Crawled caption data
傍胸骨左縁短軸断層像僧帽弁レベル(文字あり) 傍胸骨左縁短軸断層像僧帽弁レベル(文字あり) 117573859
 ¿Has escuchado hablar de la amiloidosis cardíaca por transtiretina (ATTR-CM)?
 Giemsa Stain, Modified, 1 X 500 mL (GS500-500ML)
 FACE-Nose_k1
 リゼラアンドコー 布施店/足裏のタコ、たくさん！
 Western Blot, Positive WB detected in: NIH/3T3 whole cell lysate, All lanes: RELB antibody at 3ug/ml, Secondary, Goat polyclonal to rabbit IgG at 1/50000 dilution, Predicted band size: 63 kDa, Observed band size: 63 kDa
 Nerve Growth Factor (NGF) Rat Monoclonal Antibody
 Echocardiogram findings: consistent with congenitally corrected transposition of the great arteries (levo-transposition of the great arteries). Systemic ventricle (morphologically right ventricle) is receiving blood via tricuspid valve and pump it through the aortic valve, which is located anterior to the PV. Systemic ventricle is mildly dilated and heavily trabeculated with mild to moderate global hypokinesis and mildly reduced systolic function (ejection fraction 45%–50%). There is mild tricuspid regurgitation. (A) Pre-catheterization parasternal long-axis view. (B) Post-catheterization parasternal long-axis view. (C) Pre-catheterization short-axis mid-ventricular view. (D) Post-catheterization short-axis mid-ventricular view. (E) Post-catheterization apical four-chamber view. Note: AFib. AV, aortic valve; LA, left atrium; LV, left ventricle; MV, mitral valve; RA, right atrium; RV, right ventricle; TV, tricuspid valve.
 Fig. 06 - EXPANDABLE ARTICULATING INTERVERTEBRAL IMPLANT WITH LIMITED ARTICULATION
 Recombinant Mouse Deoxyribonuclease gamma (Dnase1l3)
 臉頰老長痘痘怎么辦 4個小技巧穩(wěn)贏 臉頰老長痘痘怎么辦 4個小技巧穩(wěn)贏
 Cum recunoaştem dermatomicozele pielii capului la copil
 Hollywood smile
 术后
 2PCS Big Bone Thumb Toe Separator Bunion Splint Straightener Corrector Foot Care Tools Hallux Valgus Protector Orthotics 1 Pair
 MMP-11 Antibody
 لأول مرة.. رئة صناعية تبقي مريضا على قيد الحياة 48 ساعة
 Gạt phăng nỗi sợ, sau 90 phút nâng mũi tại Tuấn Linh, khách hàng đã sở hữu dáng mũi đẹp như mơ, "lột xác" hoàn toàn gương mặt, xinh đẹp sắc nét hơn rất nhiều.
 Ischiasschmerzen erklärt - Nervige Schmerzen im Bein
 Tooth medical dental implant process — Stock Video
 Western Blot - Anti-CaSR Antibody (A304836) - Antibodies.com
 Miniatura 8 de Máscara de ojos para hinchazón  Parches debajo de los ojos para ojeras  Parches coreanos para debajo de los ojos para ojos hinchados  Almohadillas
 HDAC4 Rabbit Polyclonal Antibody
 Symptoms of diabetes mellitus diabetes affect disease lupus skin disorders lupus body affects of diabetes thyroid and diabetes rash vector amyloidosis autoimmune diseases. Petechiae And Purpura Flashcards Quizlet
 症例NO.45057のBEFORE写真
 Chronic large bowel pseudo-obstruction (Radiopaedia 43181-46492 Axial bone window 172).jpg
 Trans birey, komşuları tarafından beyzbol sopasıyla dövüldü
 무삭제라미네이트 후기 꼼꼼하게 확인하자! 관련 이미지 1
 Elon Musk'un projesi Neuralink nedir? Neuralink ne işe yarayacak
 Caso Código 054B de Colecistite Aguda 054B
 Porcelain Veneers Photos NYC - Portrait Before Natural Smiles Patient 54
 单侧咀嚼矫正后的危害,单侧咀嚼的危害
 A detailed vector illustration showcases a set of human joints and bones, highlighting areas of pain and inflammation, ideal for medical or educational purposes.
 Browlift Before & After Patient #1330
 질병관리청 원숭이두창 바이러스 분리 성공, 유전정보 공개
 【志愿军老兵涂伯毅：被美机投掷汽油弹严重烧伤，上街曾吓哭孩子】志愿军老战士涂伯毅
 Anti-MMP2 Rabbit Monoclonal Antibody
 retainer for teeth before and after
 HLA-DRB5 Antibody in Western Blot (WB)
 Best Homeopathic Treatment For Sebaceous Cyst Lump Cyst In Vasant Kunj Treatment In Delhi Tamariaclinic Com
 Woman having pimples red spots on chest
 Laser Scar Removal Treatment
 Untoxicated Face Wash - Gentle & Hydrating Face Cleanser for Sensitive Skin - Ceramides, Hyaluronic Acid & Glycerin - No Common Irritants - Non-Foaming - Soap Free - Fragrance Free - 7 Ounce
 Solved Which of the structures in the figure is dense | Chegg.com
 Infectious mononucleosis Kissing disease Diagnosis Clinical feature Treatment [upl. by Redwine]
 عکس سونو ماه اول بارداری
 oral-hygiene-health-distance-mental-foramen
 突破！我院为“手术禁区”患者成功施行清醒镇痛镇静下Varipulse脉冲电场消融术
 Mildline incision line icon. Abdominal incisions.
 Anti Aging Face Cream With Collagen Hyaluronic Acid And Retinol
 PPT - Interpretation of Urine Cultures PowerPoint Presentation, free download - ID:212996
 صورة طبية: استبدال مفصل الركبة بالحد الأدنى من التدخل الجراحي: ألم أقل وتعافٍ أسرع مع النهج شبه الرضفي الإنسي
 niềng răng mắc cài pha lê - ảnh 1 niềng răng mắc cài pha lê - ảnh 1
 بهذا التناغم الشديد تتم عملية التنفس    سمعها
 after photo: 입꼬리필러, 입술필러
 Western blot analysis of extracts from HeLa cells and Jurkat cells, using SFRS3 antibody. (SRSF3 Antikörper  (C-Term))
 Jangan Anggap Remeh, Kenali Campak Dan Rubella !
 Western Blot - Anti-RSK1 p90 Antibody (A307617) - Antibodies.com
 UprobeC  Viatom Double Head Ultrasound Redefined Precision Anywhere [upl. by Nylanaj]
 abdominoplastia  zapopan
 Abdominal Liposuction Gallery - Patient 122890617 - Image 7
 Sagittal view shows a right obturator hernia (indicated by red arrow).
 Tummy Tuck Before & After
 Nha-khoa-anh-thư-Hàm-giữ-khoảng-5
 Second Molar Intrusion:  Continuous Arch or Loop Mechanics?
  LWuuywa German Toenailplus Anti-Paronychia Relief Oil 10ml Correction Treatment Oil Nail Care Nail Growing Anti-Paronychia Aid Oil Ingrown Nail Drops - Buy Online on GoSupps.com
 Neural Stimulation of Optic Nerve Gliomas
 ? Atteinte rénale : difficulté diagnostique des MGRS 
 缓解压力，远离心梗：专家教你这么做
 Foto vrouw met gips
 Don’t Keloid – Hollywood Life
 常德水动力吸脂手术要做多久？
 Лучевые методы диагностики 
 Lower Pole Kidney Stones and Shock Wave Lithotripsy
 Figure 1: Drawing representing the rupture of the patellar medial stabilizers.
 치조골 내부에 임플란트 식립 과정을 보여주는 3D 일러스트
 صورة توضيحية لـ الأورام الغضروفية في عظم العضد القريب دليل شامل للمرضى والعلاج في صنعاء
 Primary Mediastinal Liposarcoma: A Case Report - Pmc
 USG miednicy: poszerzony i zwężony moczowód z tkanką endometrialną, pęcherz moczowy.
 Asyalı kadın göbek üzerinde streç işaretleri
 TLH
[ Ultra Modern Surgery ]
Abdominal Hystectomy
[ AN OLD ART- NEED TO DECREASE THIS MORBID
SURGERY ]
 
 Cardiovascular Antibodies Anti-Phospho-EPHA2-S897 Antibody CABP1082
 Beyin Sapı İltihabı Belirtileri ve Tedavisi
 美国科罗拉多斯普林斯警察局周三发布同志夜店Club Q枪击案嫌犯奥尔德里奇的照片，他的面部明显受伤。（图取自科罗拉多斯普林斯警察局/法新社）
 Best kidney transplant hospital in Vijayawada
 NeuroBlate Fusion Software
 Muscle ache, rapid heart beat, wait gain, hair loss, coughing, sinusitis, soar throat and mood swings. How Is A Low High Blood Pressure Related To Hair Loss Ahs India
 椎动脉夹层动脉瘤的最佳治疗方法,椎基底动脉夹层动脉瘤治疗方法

Work required | Give back exactly the lines above starting at the line where "Figure 1: Drawing" appears and ending at the line where "USG miednicy: poszerzony" appears, both included, with no other lines.

Task solution |
 Figure 1: Drawing representing the rupture of the patellar medial stabilizers.
 치조골 내부에 임플란트 식립 과정을 보여주는 3D 일러스트
 صورة توضيحية لـ الأورام الغضروفية في عظم العضد القريب دليل شامل للمرضى والعلاج في صنعاء
 Primary Mediastinal Liposarcoma: A Case Report - Pmc
 USG miednicy: poszerzony i zwężony moczowód z tkanką endometrialną, pęcherz moczowy.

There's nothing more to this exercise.